A2A S.p.A.
- A2A headquarters in Milan
- Type: Società per Azioni
- Traded as: BIT: A2A FTSE MIB Component
- Industry: Utilities
- Founded: 1 January 2008
- Headquarters: Brescia, Italy
- Key people: Roberto Tasca (Chairman), Renato Mazzoncini (CEO and Managing Director)
- Services: Gas and electricity distribution, water distribution and treatment, waste management
- Revenue: €14,063 million (2025)
- Operating income: €1,235 million (2025)
- Net income: €750 million (2025)
- Total assets: €21,383 million (2025)
- Total equity: €5,917 million (2025)
- Number of employees: 14,879 (2025)
- Website: www.gruppoa2a.it/en

= A2A =

Italian utilities company

A2A S.p.A. (branded as A2A Life Company) is an Italian company, organised as a società per azioni, that generates, distributes, and markets renewable energy, electricity, gas, integrated water supply, and waste management services.
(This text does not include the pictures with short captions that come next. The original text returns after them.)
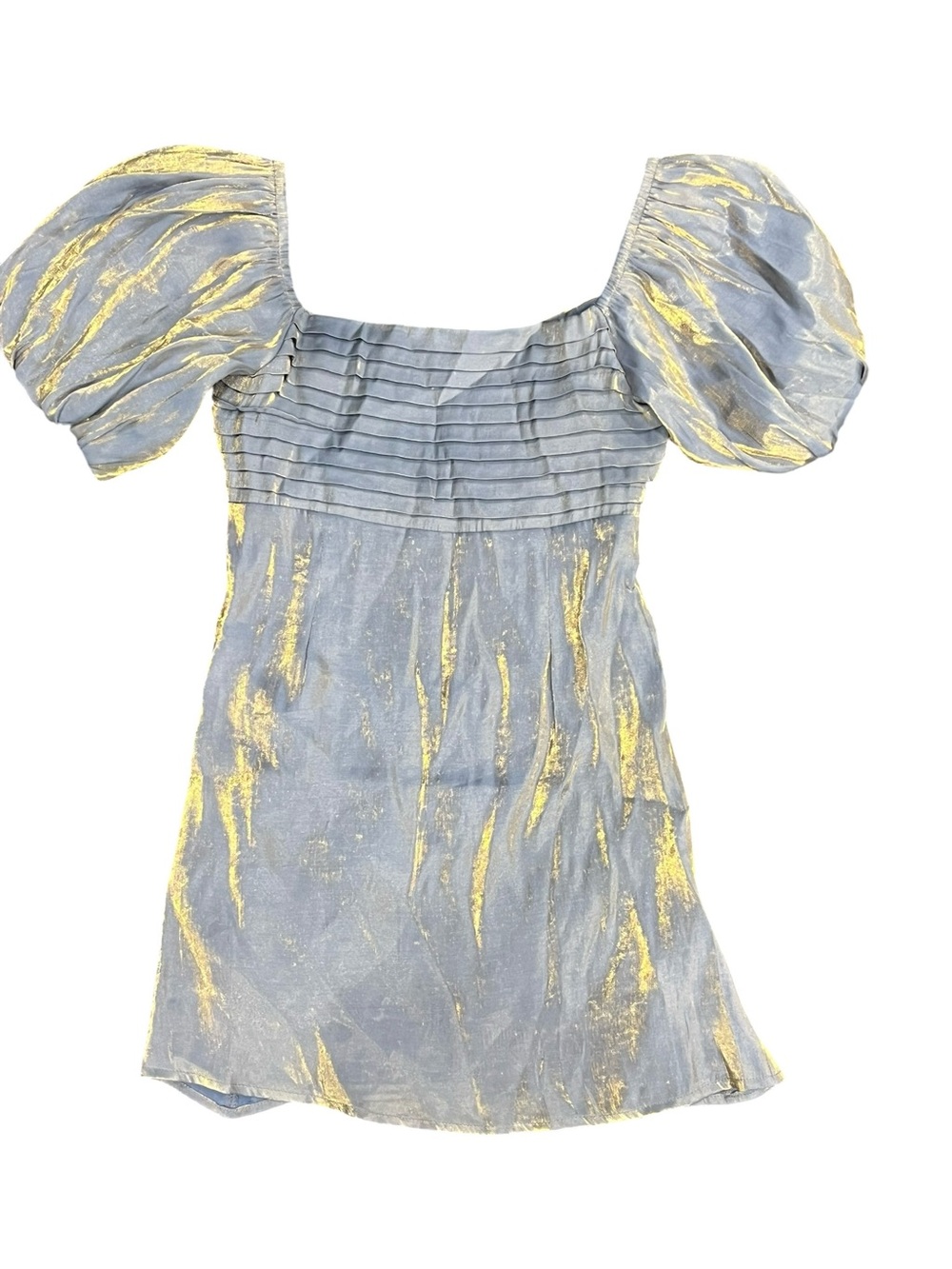 Shop Neighbor | Shimmer Blue In the Beginning Puff Sleeve Pleated Bodice Dress S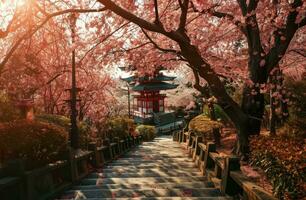 ai generato un' sentiero principale giù per un' pagoda e fioritura ciliegia alberi foto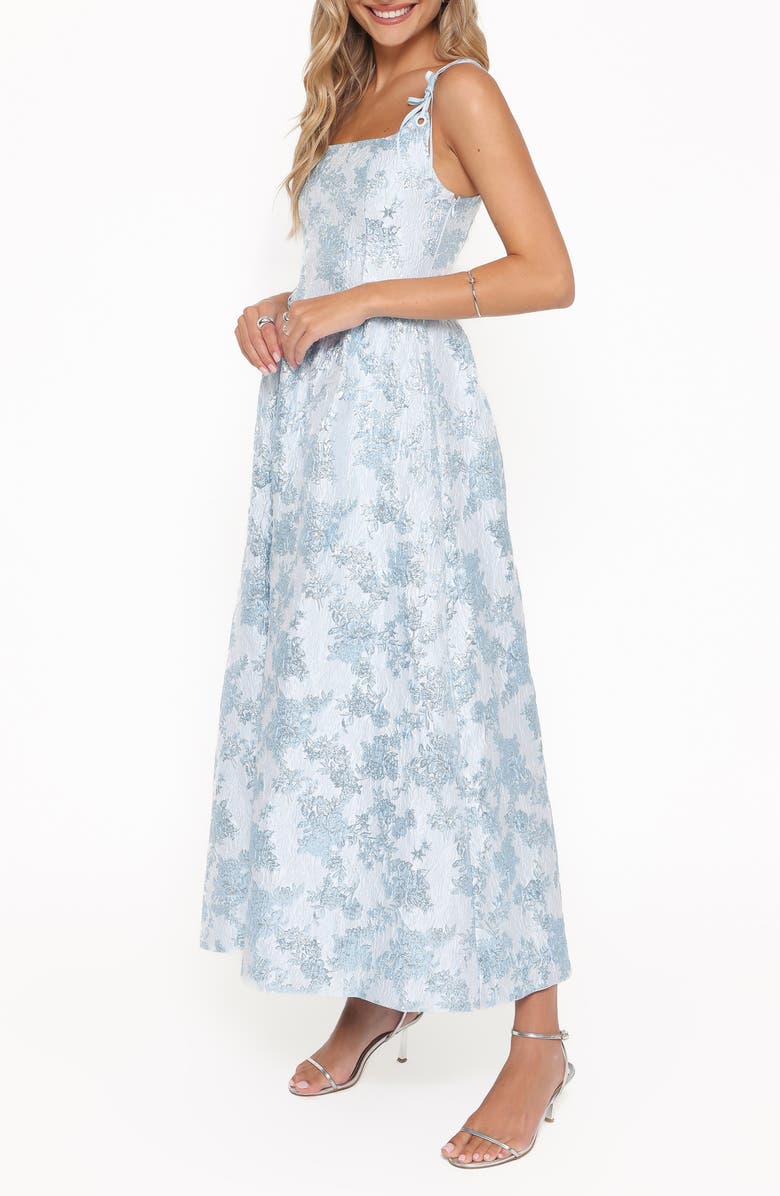 Petal & Pup Marcelline Floral Brocade Cocktail Dress, Alternate, color, Blue Brocade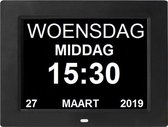 Majesticmania Dementia Clock - Klok numérique - Horloge murale avec jour, heure et date - Alarme - Calendrier - Zwart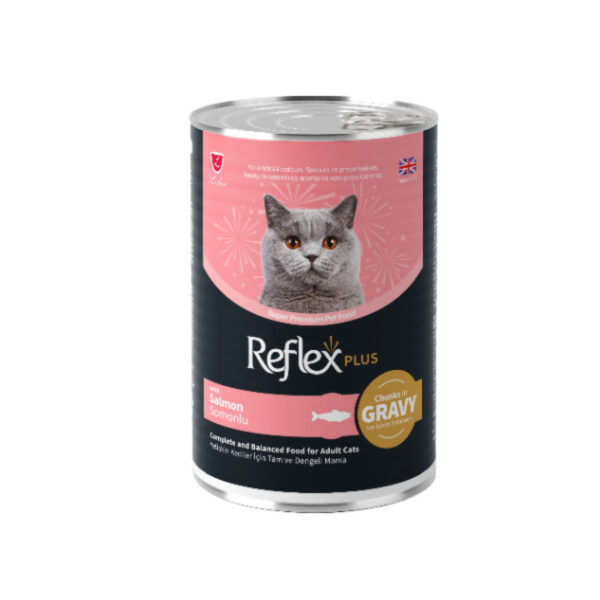Reflex Plus Konservë për Mace të Rritura me Pjesë Mishi Salmoni në Sos 400gr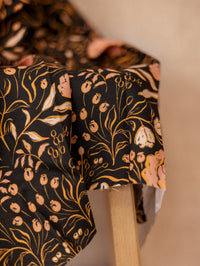 Bamboo viscose / Peach + Black + Golden Flowers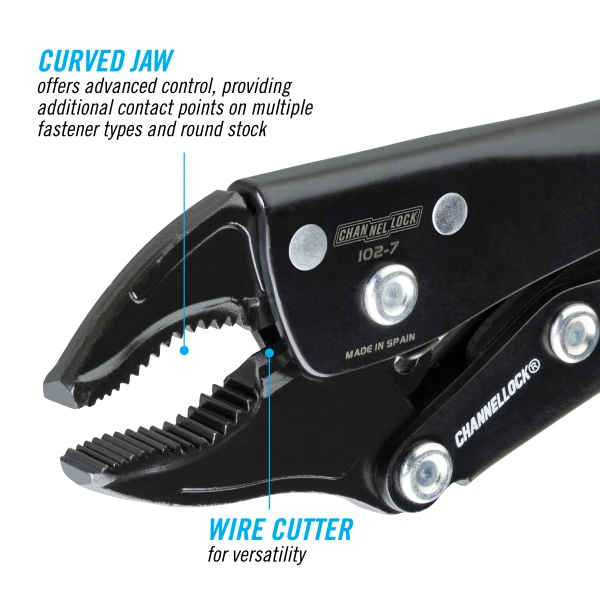 102-7 7-inch Curved Jaw Locking Pliers w/ Cutter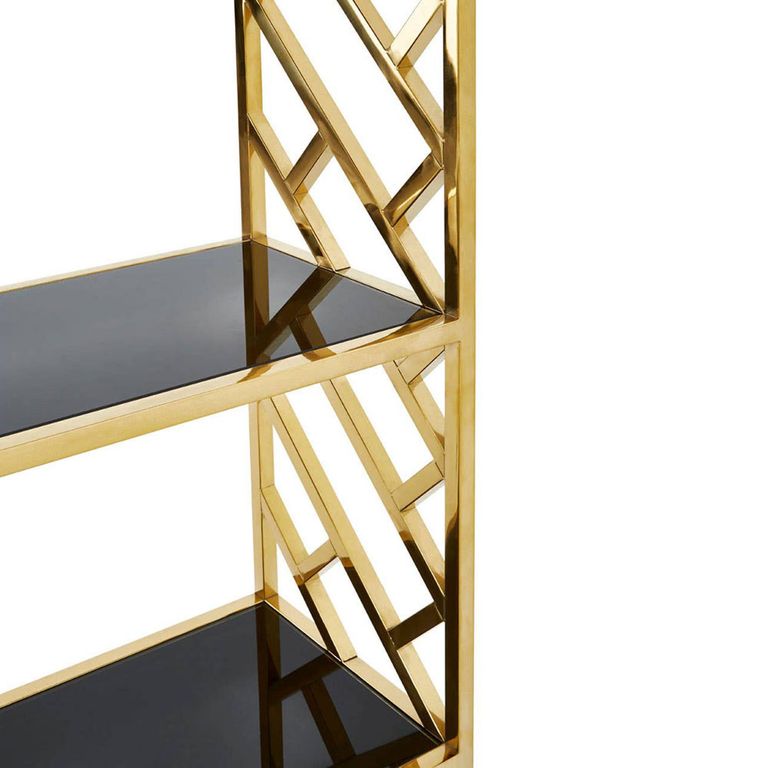 Horizon Bookcase - Black Glass with Gold Metal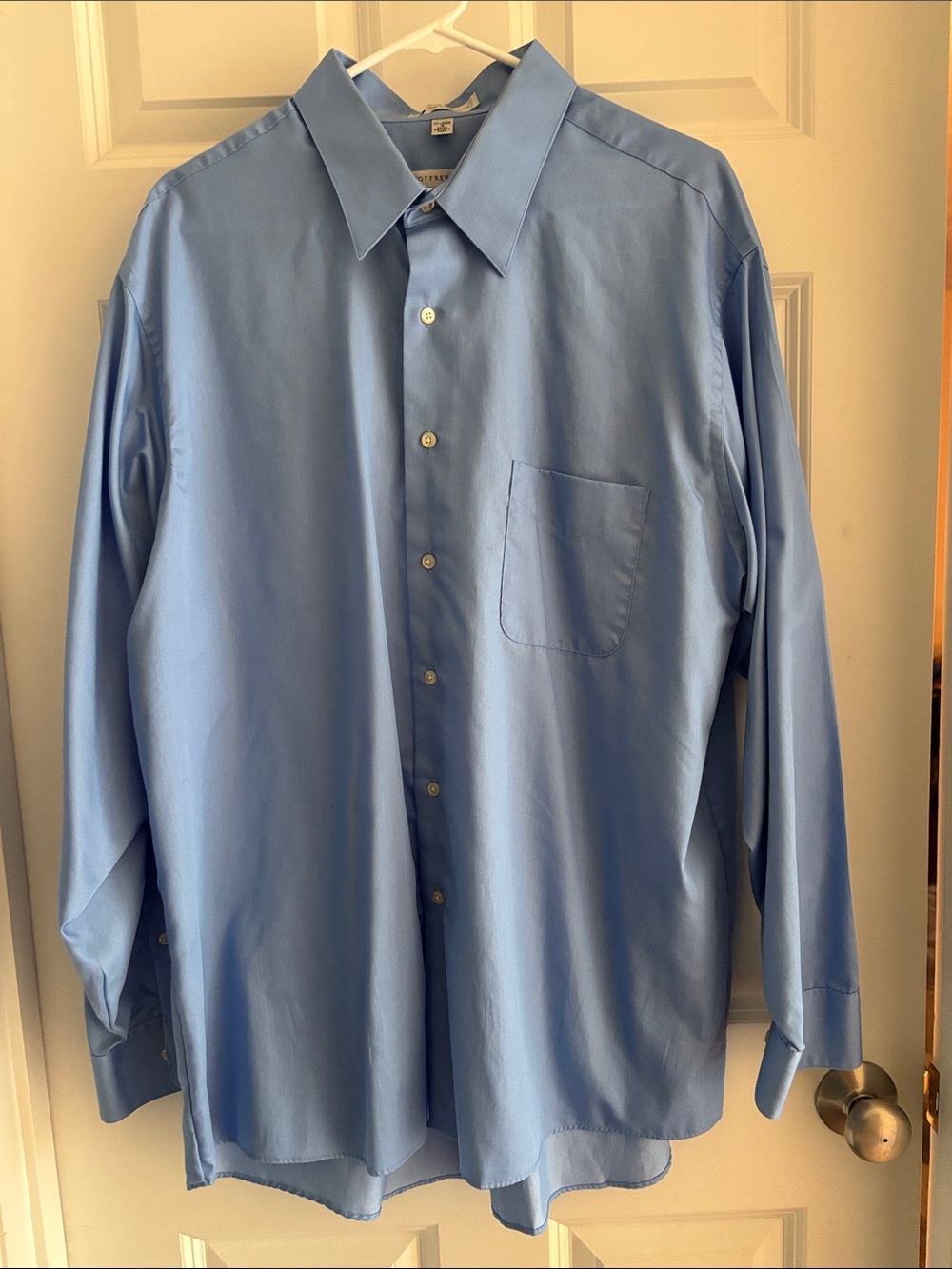 Geoffrey Beene Men’s Light Blue Long-Sleeve Dress Shirt with Chest Pocket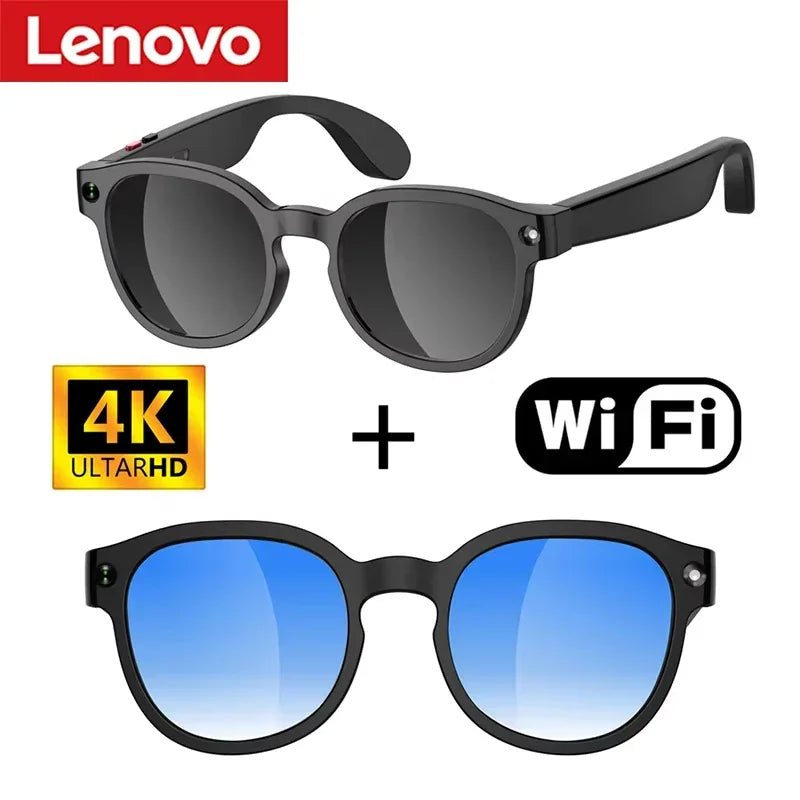 Smart AI glasses with black frames and blue mirrored lenses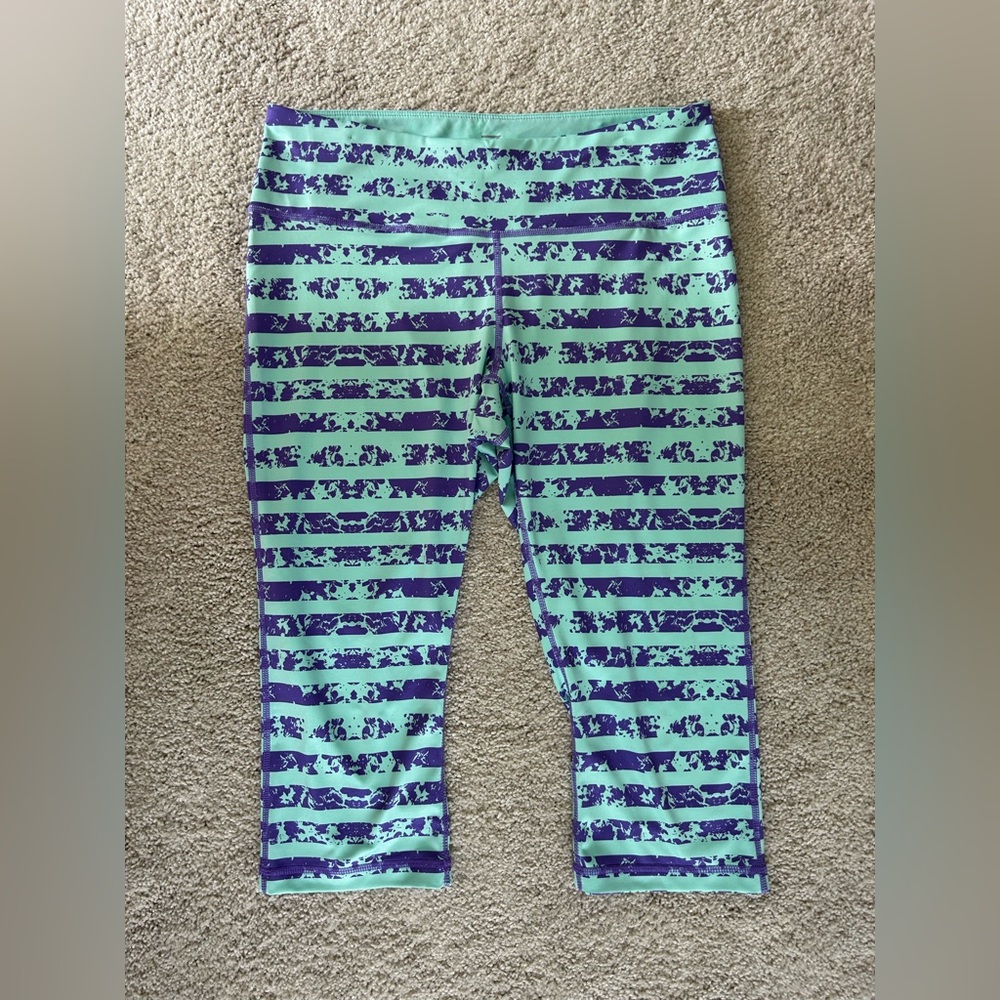 Zella women’s Purple and Green Leggings Performance Activewear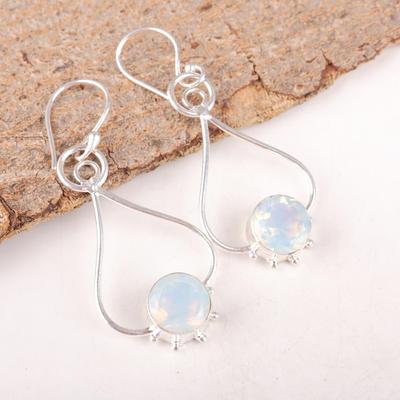 Серьги из цельного серебра 925 пробы с молочным опалом, серьги с драгоценными камнями ручной работы, подарки жене, абсолютно новые серьги
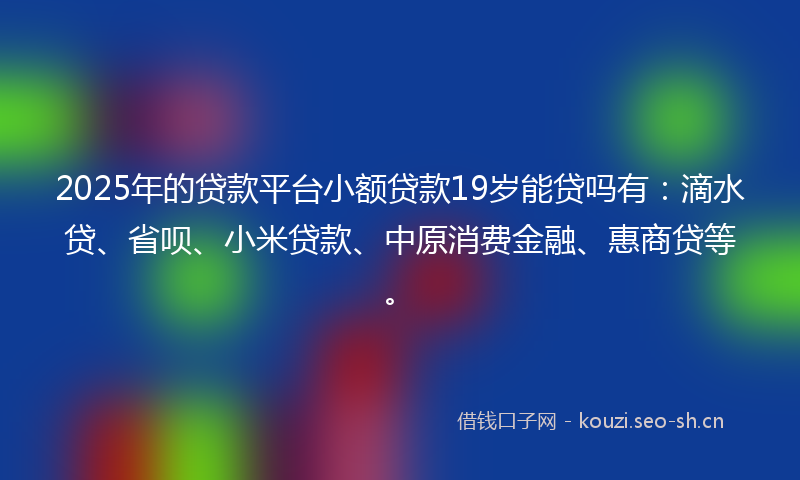 2025年的贷款平台小额贷款19岁能贷吗有：滴水贷、省呗、小米贷款、中原消费金融、惠商贷等。
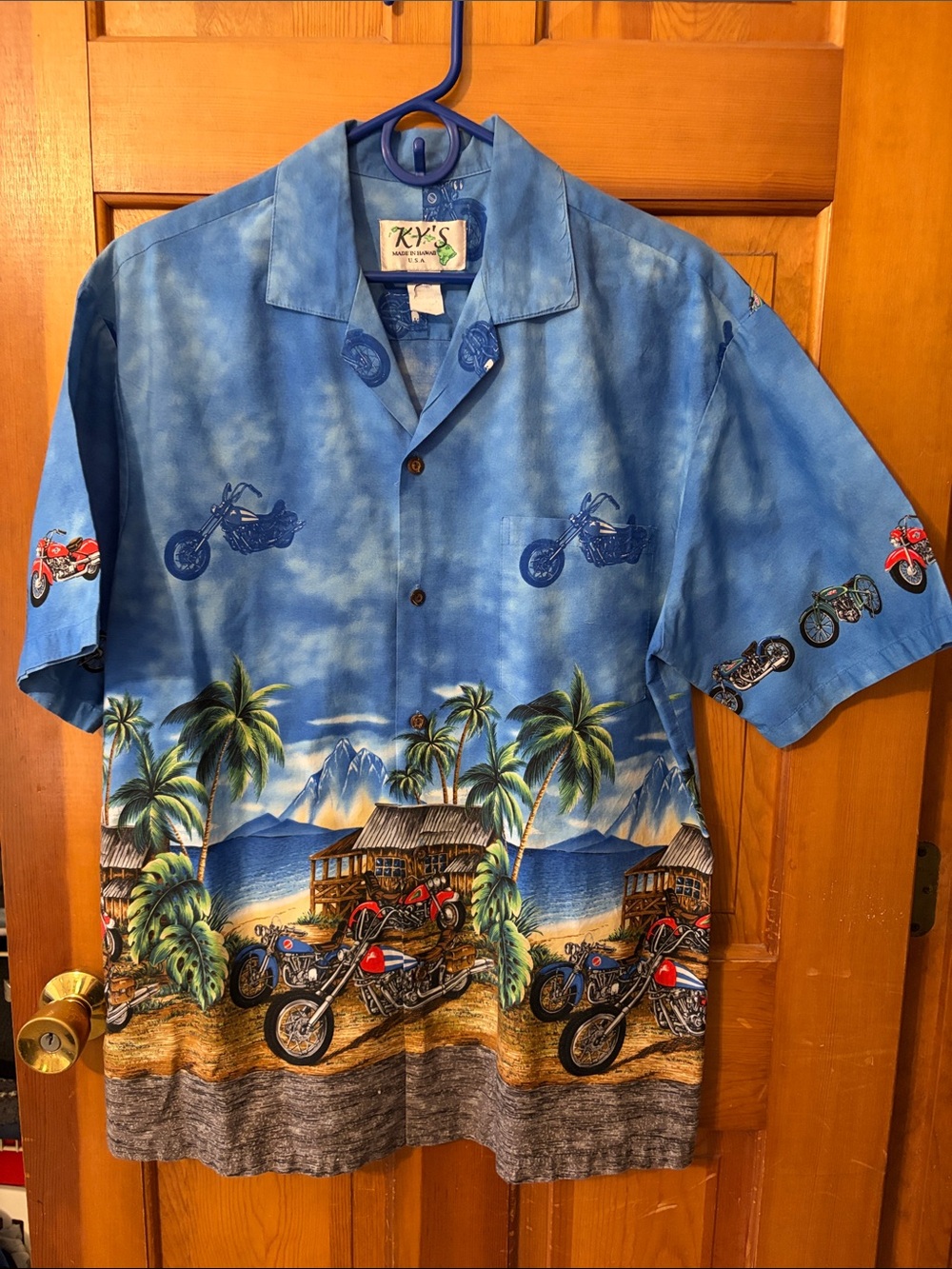 KY's Blue Tropical Motorcycle Hawaiian Short Sleeve , cotton Shirt /large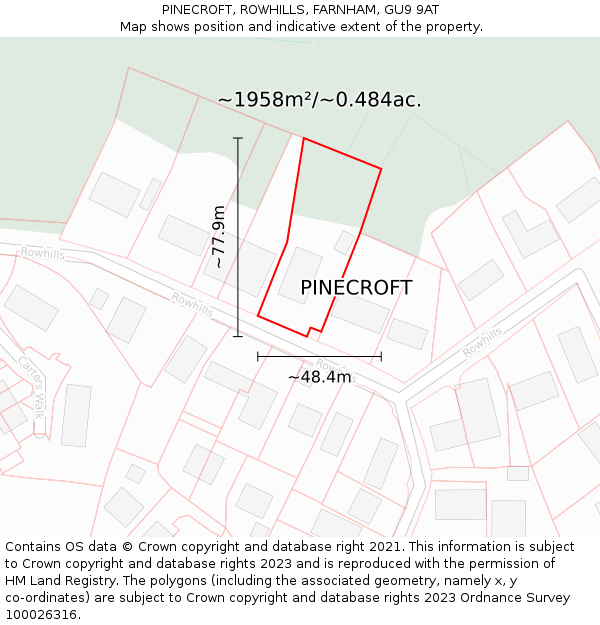 PINECROFT, ROWHILLS, FARNHAM, GU9 9AT: Plot and title map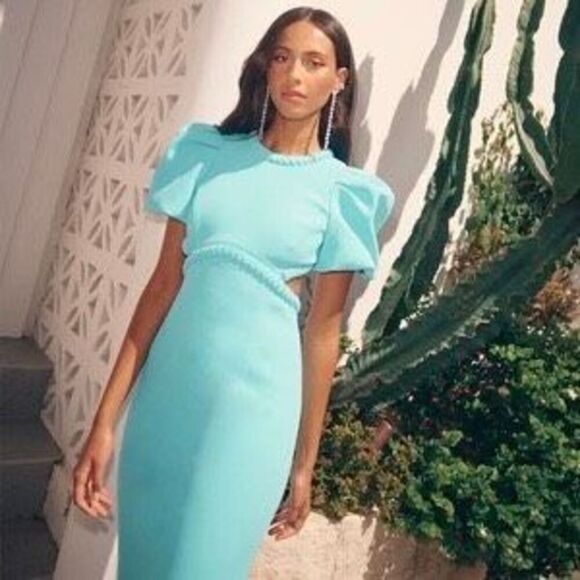 Rebecca Vallance Michelle Puff Sleeve Teal Blue Midi‎ Dress Size 10 - Picture 6 of 13
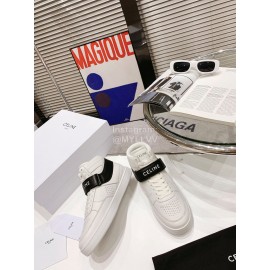 Celine Cowhide Velcro High Top Sneakers For Men And Women White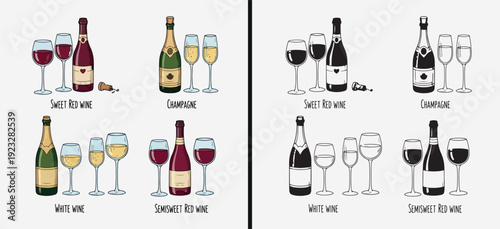 Wine Champagne Bottle Glass Set, Alcohol Beverage Vector Illustration, Red White Wine Clipart Design, Cocktail Party Drink Graphic, Bar Restaurant Menu Art, Celebration Toast Glass Pack, Premium Wine 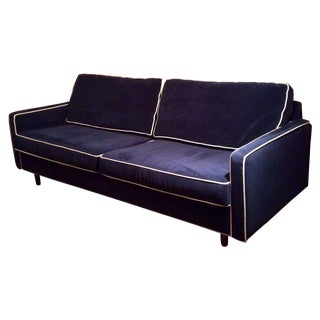 Custom Blue Velvet & White Mahogany-Leg Sofa For Sale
The company has significant presence in the North of Italy, energy production facilities in Italy and Greece.

== Company history ==
A2A was formed on by the merging of three Northern Italian municipality-owned utilities. They include Azienda Elettrica Municipale (AEM, est. 1880) and Azienda Milanese Servizi Ambientali (AMSA, est. 1907), both of Milan, and Azienda dei Servizi Municipalizzati (ASM, est. 1908) of Brescia.

As of December 2024, it remains partially owned by the Municipalities of Milan and Brescia (25% ownership each). The municipalities are responsible of appointing 12 out of its 15 directors. A2A is listed on the Borsa Italiana and is a member of the FTSE MIB index.